Nine illegal miners from Lesotho were “stoned to death” on Friday in a Johannesburg suburb by a group of rival miners, police said Saturday, denouncing what they called a “barbaric act”.
Police are “investigating” the murder of nine Lesotho nationals “involved in illegal mining activities who were stoned to death in Matholeville by zama zamas (illegal miners) from Lesotho,” a small, poor, landlocked kingdom in South Africa.
The bodies of the nine victims “were found in the streets of Matholeville, while a tenth person was seriously injured” and taken to hospital, the police said in a statement.
“It seems that violence has broken out between “rival groups of illegal miners operating in the area,” police spokesman Mavela Masondo told eNCA on Saturday.
The South African security forces launched a “manhunt” and the police were questioning 87 people on Saturday.
South Africa is considered one of the most violent countries in the world.
According to official statistics, more than 21,000 people were killed there between April 2018 and March 2019, an average of 58 murders per day.
Between 8,000 and 30,000 illegal miners locally known as “zama zamas” (“those who try their luck” in Zulu) operate in the country, according to the South African Human Rights Commission.
They take enormous risks digging in disused tunnels and shafts.

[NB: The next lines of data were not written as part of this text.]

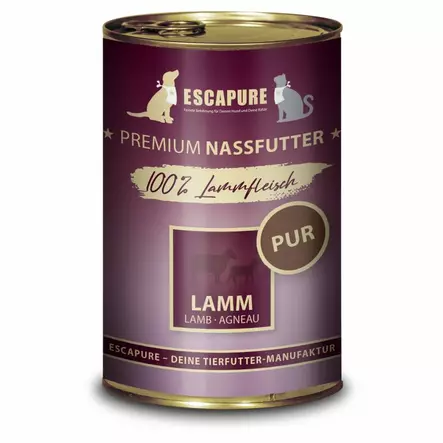 Escapure PUR Lammas - Koiran märkäruoat ja makkarat - 12557 - 1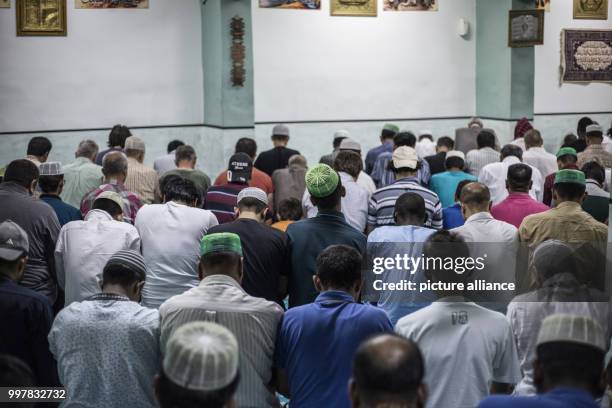 Muslims are praying in the provisonal mosque Masjid Dar Ul Aman in Athens, Greece, 6 July 2017. The first mosque in the capital of Greece is still...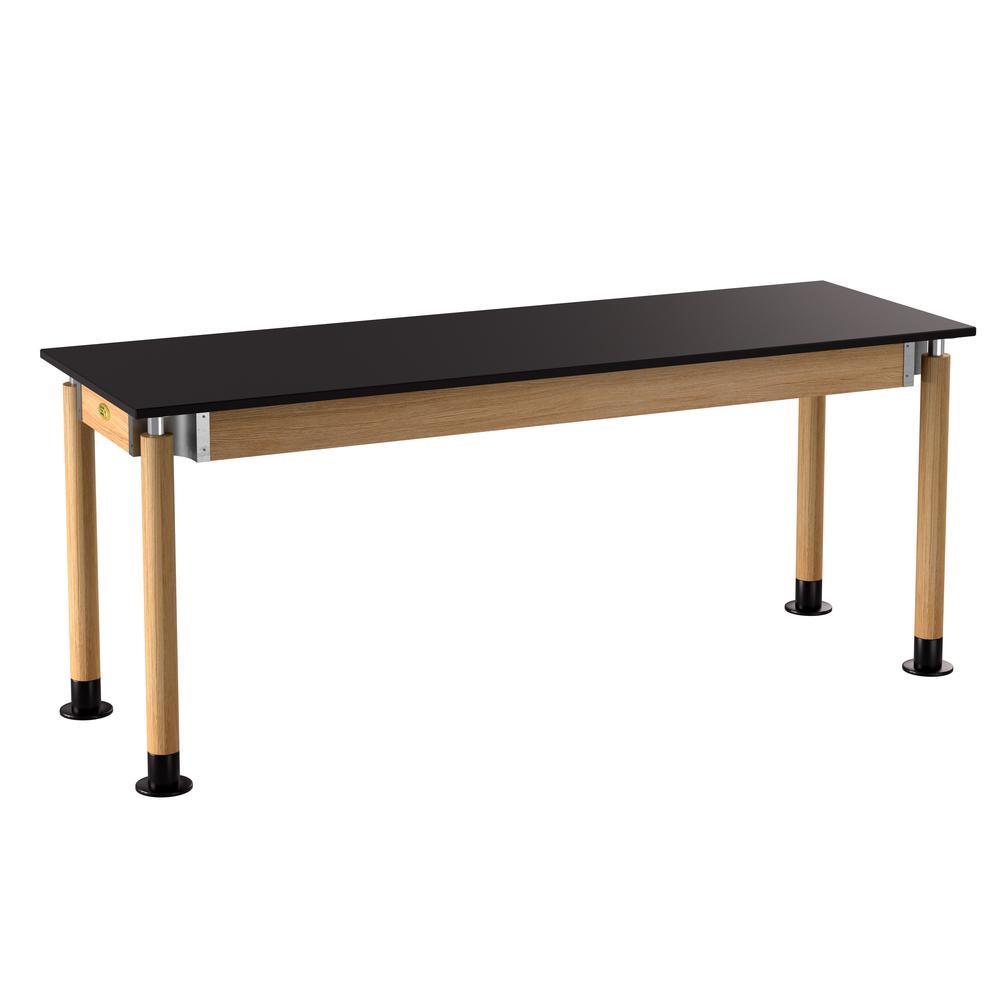 Nps Signature Science Lab Table, Oak, 24 X 72, Phenolic Top,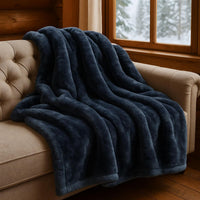 Faux Fur Throw Blanket, 8 Pound view 5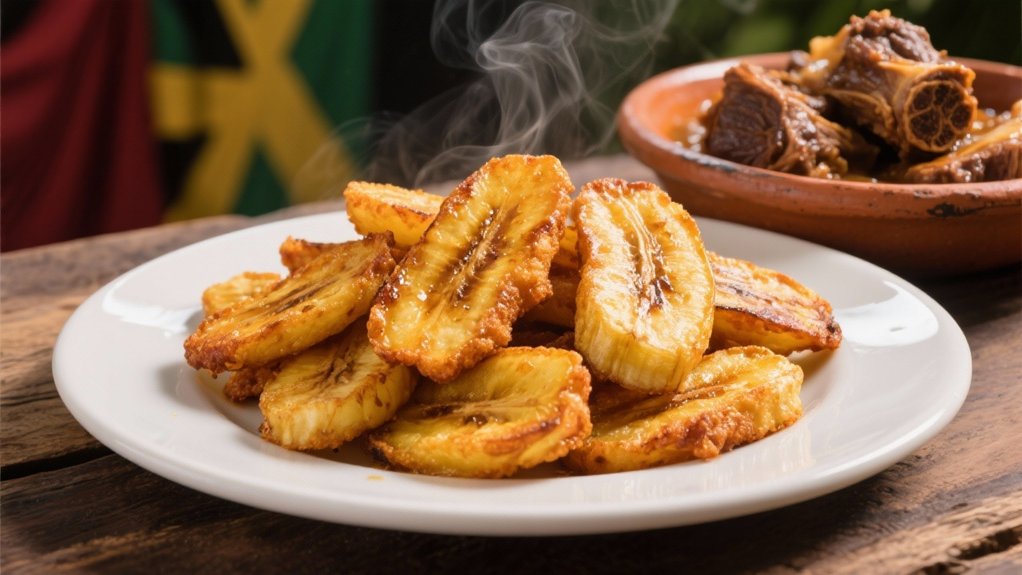 golden caramelized plantains delight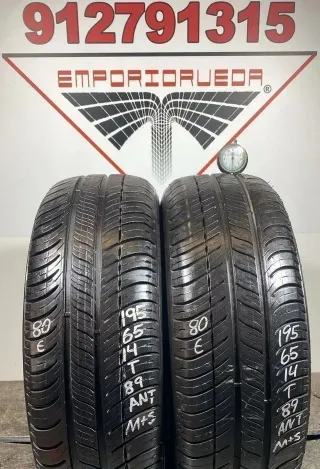 -195 65 14 T MICHELIN RUEDA AL 90% VIDA UTIL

But they now face another growing danger, that of gangs, who are regularly involved in settling scores.
“Illegal mining and organized crime are intimately linked. The “zama zamas” are often heavily armed, have explosives and set up ambushes against “employees, guards and rival groups of illegal miners,” according to a report by the South African Chamber of Mines.
By September 2015, at least 20 people had been killed in violence involving gangs of illegal miners in the Johannesburg area, the long world’s gold-producing capital.